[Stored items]
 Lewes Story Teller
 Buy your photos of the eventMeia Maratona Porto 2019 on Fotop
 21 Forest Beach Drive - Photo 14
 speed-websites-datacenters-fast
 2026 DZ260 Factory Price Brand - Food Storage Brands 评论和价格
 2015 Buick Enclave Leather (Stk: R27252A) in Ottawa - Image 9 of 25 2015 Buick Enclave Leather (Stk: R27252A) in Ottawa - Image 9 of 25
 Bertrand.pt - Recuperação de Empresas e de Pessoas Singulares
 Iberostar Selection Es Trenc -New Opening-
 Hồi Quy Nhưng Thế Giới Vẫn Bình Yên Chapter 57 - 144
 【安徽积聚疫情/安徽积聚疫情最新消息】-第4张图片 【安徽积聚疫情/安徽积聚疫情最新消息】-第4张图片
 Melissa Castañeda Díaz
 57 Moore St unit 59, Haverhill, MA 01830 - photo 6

*EXERCISE AIM*. Verbatim output is expected for the lines from the start of the data to the line in which "Iberostar Selection Es" appears, both included.

*ANSWER AREA*.
 Lewes Story Teller
 Buy your photos of the eventMeia Maratona Porto 2019 on Fotop
 21 Forest Beach Drive - Photo 14
 speed-websites-datacenters-fast
 2026 DZ260 Factory Price Brand - Food Storage Brands 评论和价格
 2015 Buick Enclave Leather (Stk: R27252A) in Ottawa - Image 9 of 25 2015 Buick Enclave Leather (Stk: R27252A) in Ottawa - Image 9 of 25
 Bertrand.pt - Recuperação de Empresas e de Pessoas Singulares
 Iberostar Selection Es Trenc -New Opening-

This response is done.